Most of the french people I've met have been very nice, certainly as nice as most Americans. Parisians can be brusque, but so can New Yorkers. It's a big city and it wasn't constructed by Walt Disney for tourists' enjoyment. I've witnessed many Americans behaving as if France were their amusement park, rude beyond embarrassment and totally oblivious of the offense they gave. Of course, it helps to know when you are giving offense. If you don't say your bonjour to the clerk, and just walk around the store without speaking, ogling the merchandise, well that's rude by French standards, and any guide book will tell you that. I love visiting France on the rare occasions I get a chance to, and certainly recommend it, despite a few natural awkward moments between cultures.

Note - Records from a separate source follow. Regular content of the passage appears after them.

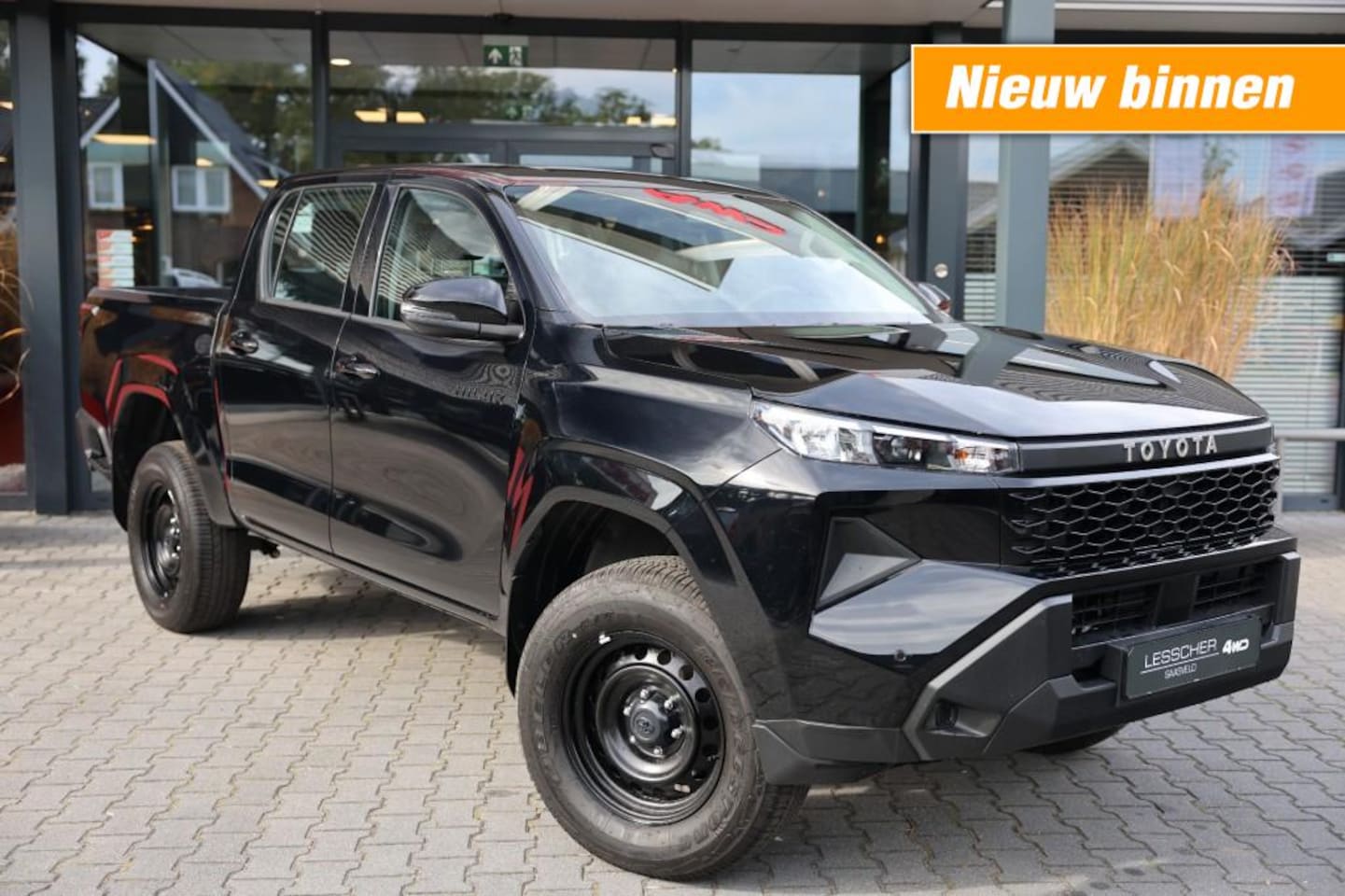Toyota HiLux - 2.8 D-4D MHEV DUBBEL CABINE ACTIVE A/T 4WD - AutoWereld.nl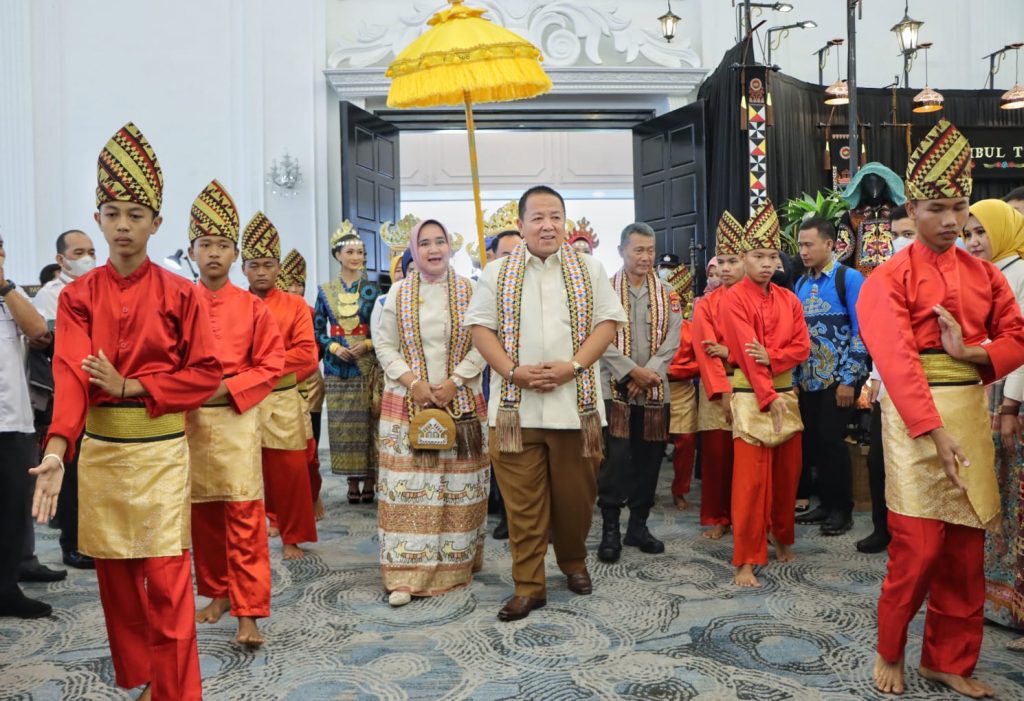 Gubernur Bersama Ketua Dekranasda Provinsi Lampung Buka Lampung Craft 2022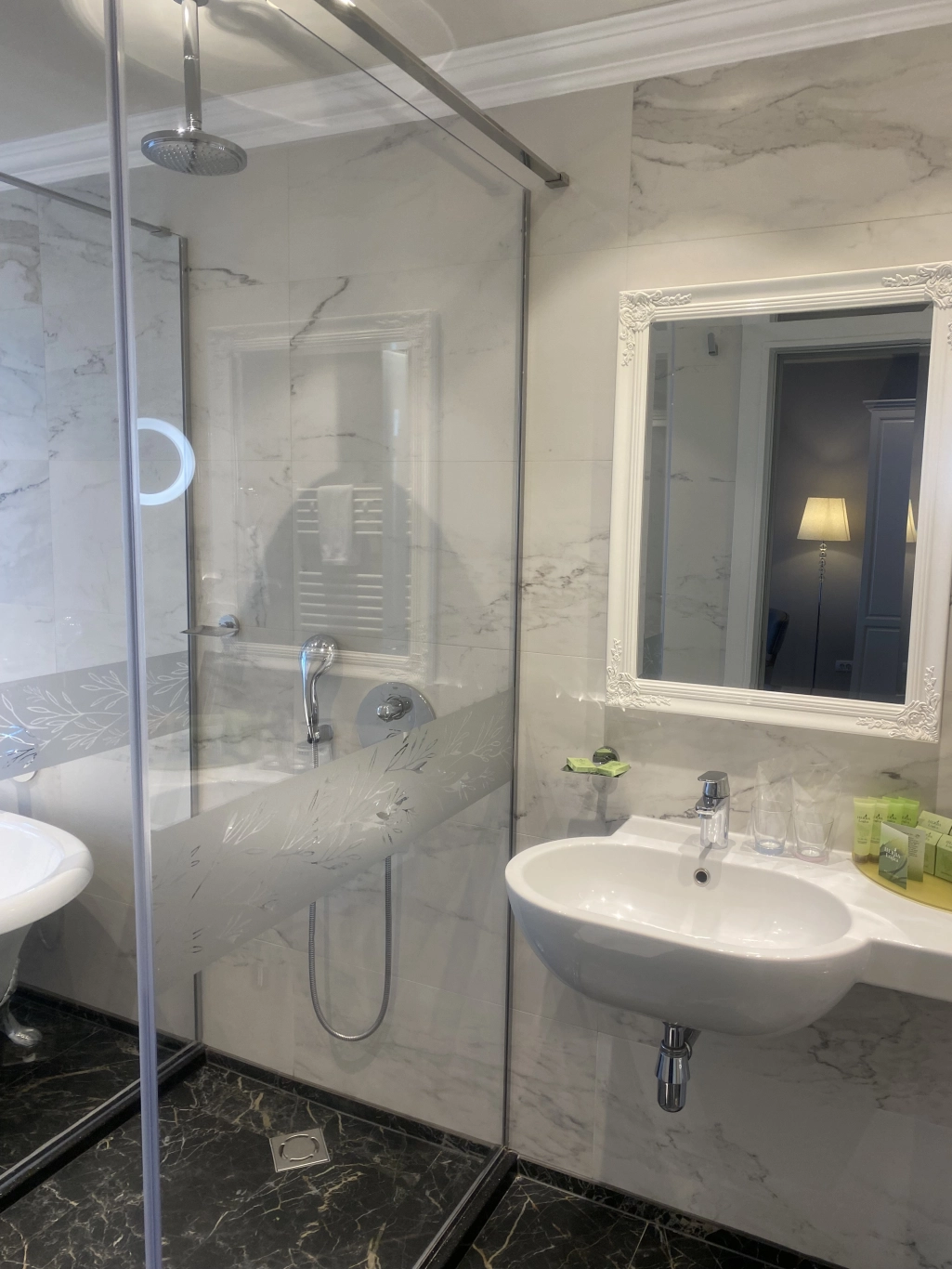 Grand deluxe room with sea view, balcony and bathtub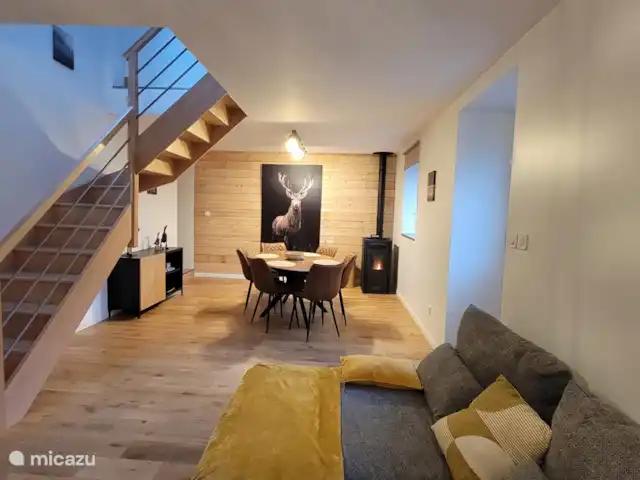 Eclusa de Guendol en Francia, Bretaña, Plouguernevel - casa vacacional sala de estar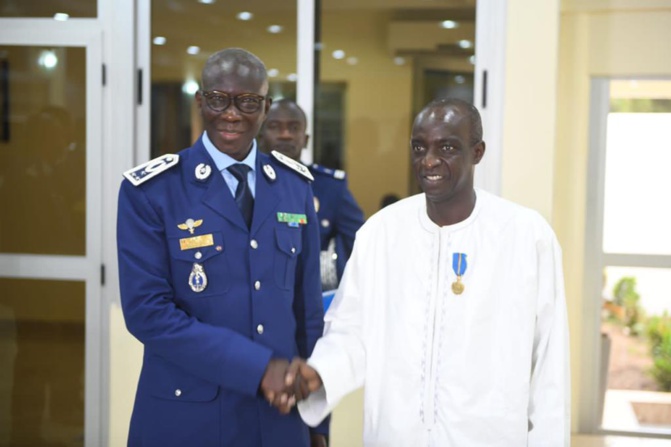 Décoré de la médaille d’honneur de la gendarmerie : Dg Moustapha Ba, un modèle d’engagement, de loyauté et de dévouement ( Le Témoin )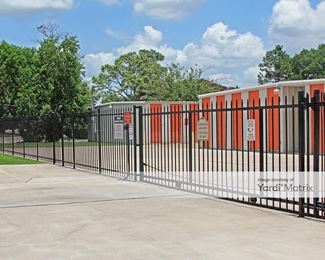 Photo 4 of Express Self Storage - 1804 Mulberry Street, Angleton, TX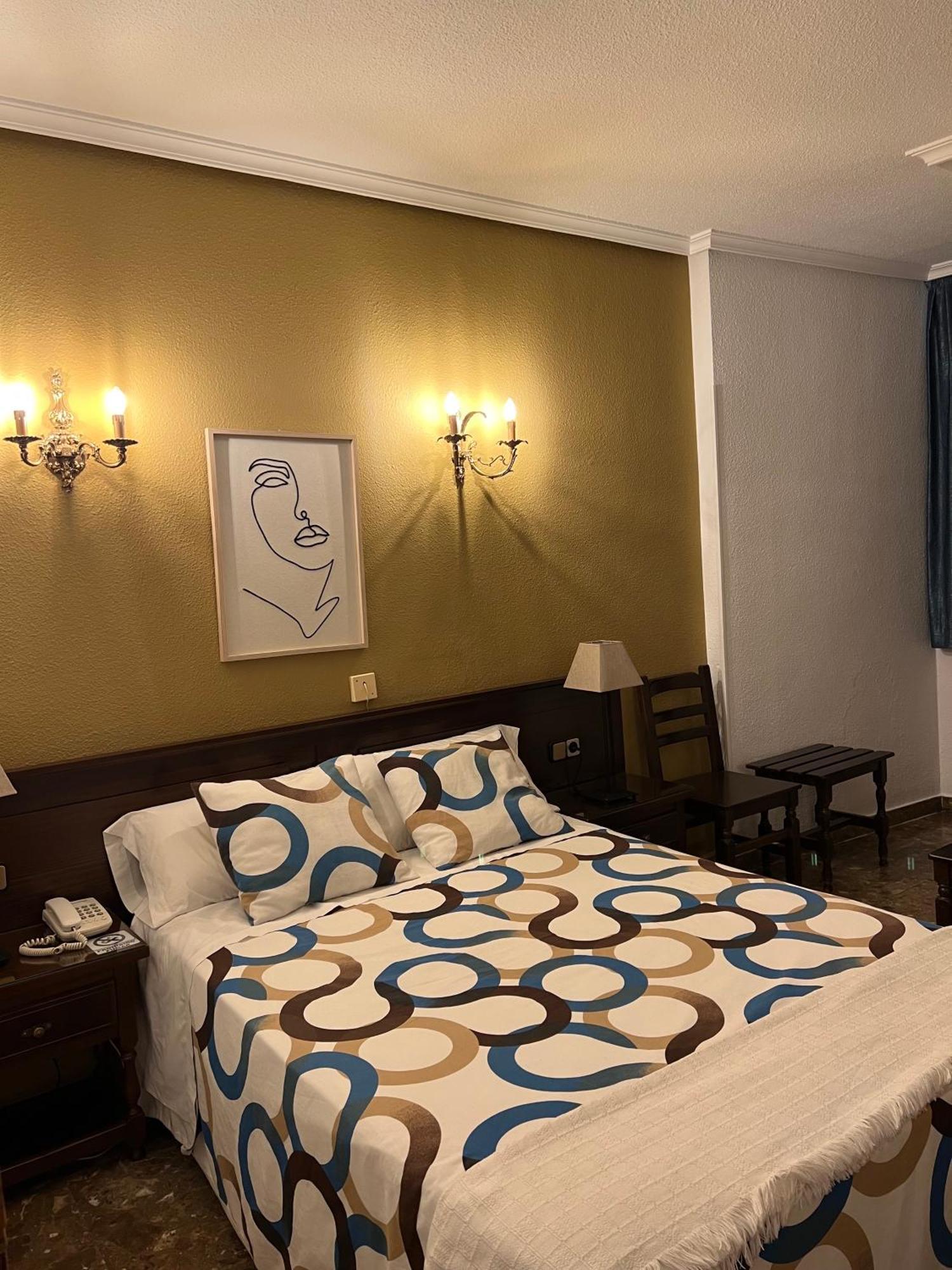 Hostal Sonsoles Madrid-Centro Екстериор снимка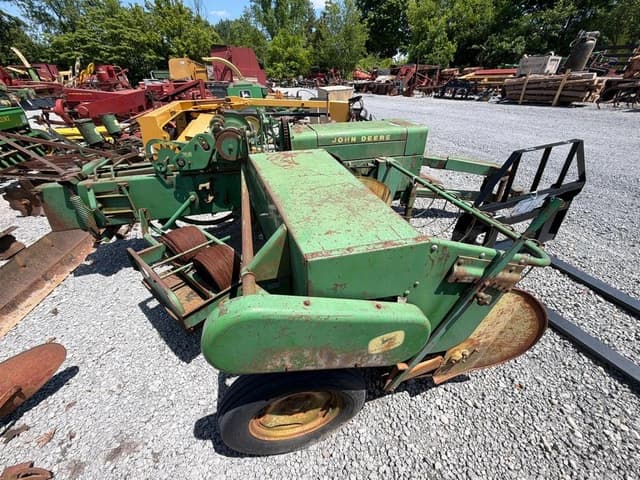 Image of John Deere 224WS equipment image 4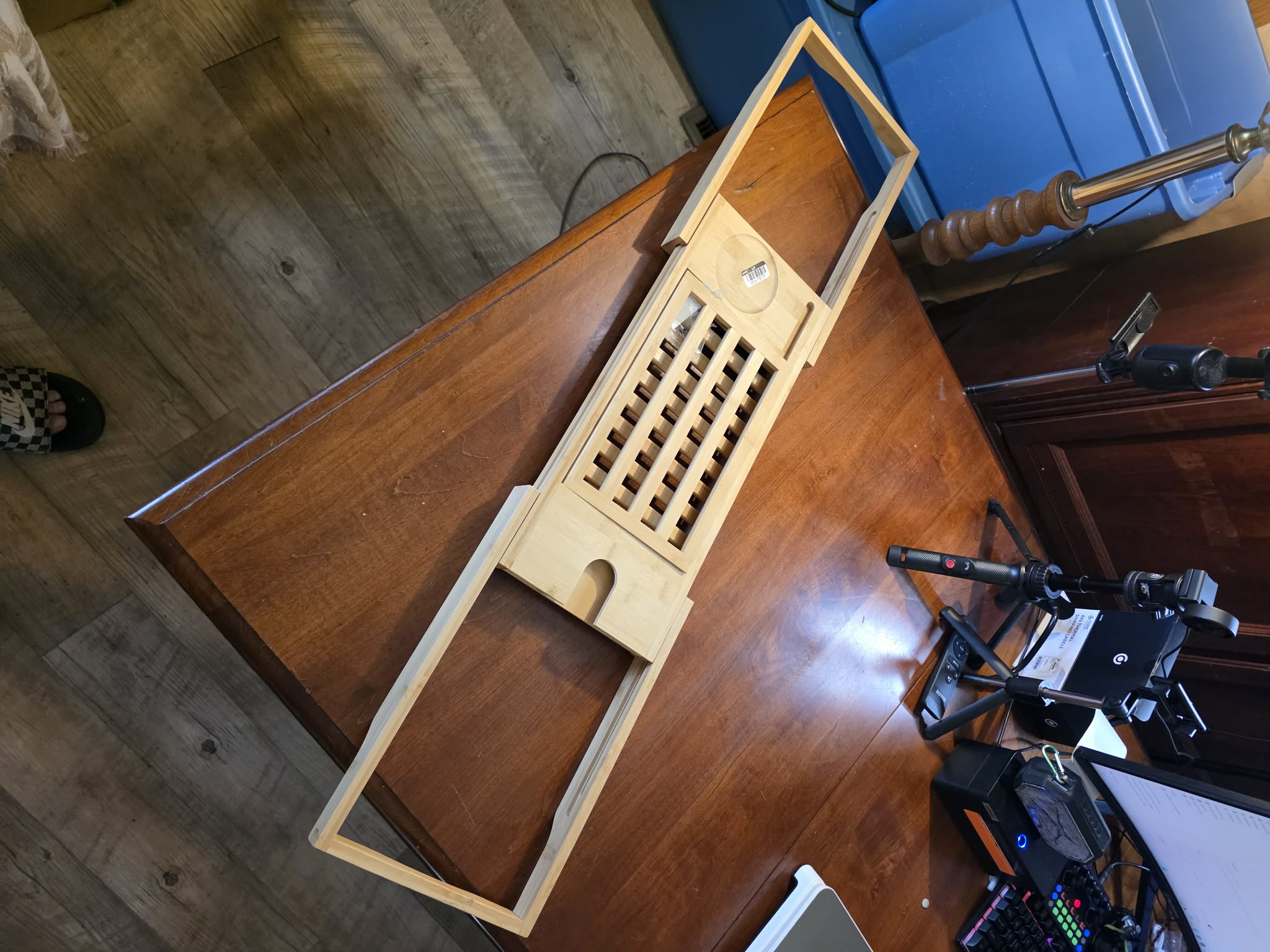 Expandable Wooden Bathtub Caddy Tray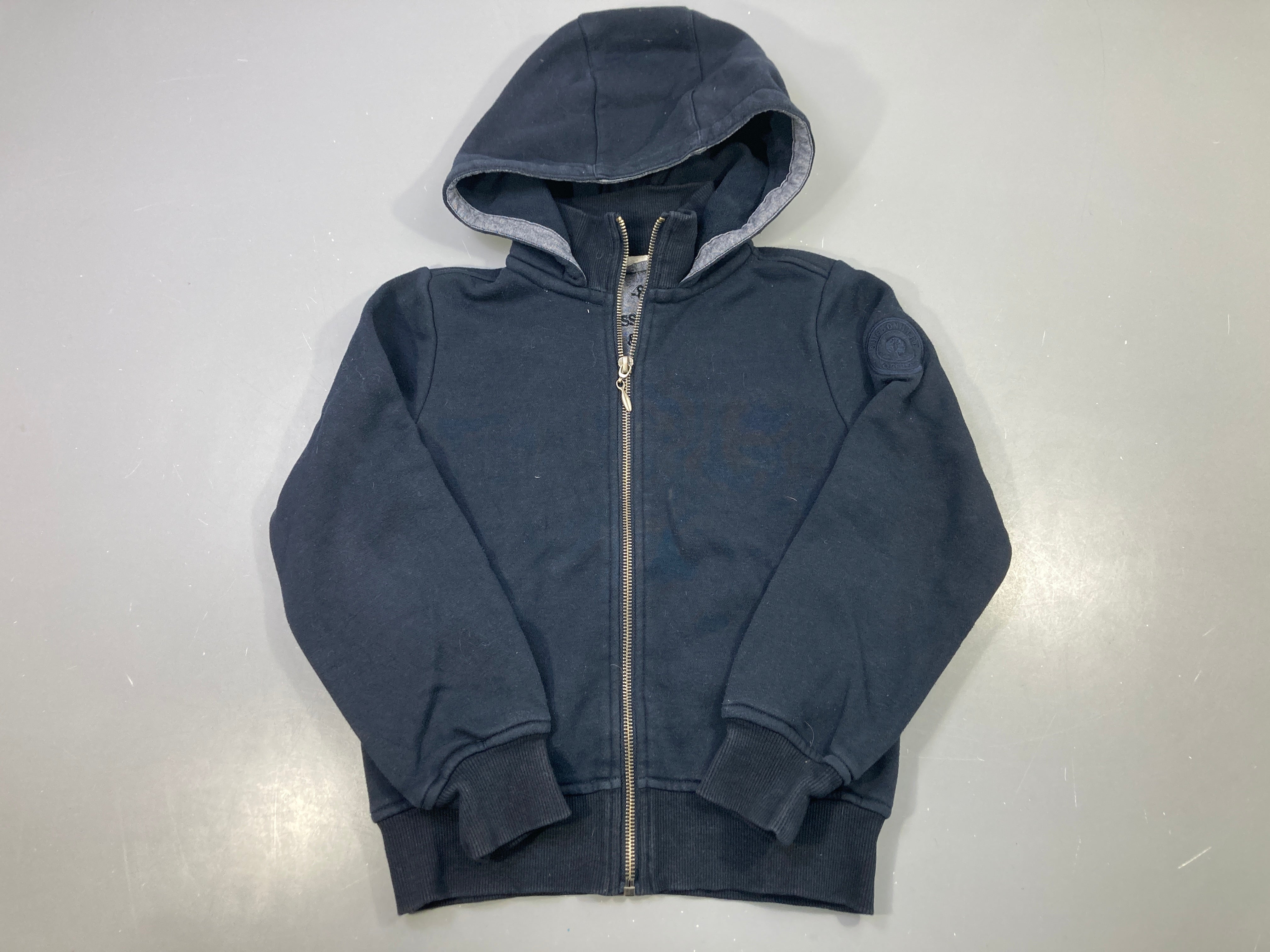 Sweat zippé bleu marine à capuche, légèrement bouloché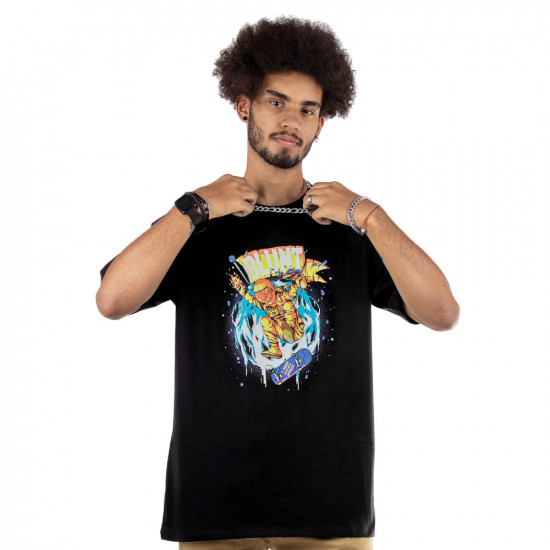 camiseta-blunt-estampada-astronaut-preto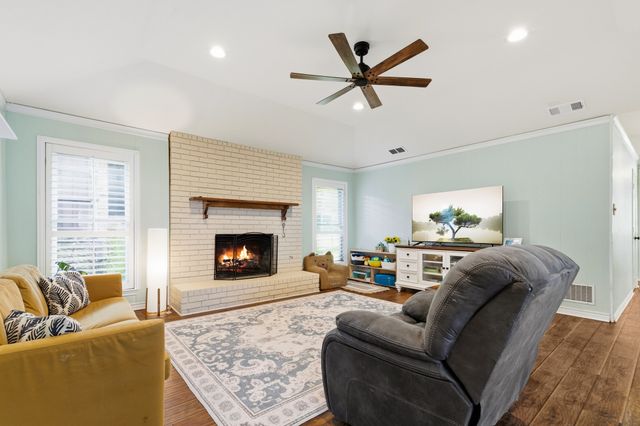 109 Crestwood Drive, Rockwall, TX 75087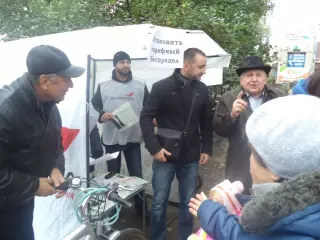  На вопросы жителей Терновского района отвечал депутат Денис Хотькин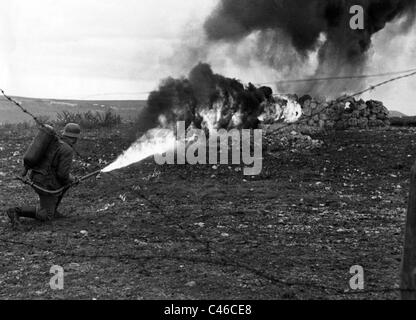 Seconde Guerre mondiale : lance-flammes allemand sur le front de l'Est, 1941-1945 Banque D'Images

My husband and I were unlucky enough to land in Paris in mid December 2009-just as the huge snowflakes began to fall. What was supposed to be a one night break from London turned into long airport lines, a visit to the bus station(the last stop on the Metro-Gallieni). I quickly learned what Londres-annul meant! Eurostar actually broke down, trapping people for 10 hours and we were stuck in the most expensive area of Paris with our baggage still in London at our hotel there. In some ways it was a nightmare and massively expensive and I cried all the way home, as I felt our fist visit to Paris had been so stressful and did not get to see London at all. Looking back, it was one of the most magical trips we have ever had. You haven't lived until you have shopped on the Champs Elysee on the Saturday before Christmas. What I remember: Snowball fights with French kids in the Tuileries, chestnuts on a grill outside the Louvre, meandering through Paris with very few tourists around, kicking through the snow. Our hotel staff made calls and stayed on hold forever to try and get us back to London t allow us time to spend in Paris (instead of endlessly ringing phones which were never answered). They and most shopkeepers and cafes were extremely helpful and friendly. BUT...as American, we had already prepared by knowing that you always try French first, never just grab an item but instead indicate it and the shopkeeper will get it, indicate discreetly that you want the check-the French will linger over supper for hours, don't expect a waiter to make small talk with you but your glass is always full and they anticipate your needs. It was both magical and frustrating. We had wanted to make it back to have a "re-do" but, alas, a terminal cancer diagnosis has made that unlikely. So tourists who don't expect to behave as they do in the states and have a less loud and straightforward way of interacting should do fine. Act like an ass and expect everyone to do things as you are used to them in your home country and you may not get very friendly service. Treat locals with a bit more formality than you do here and you will get a very warm reception.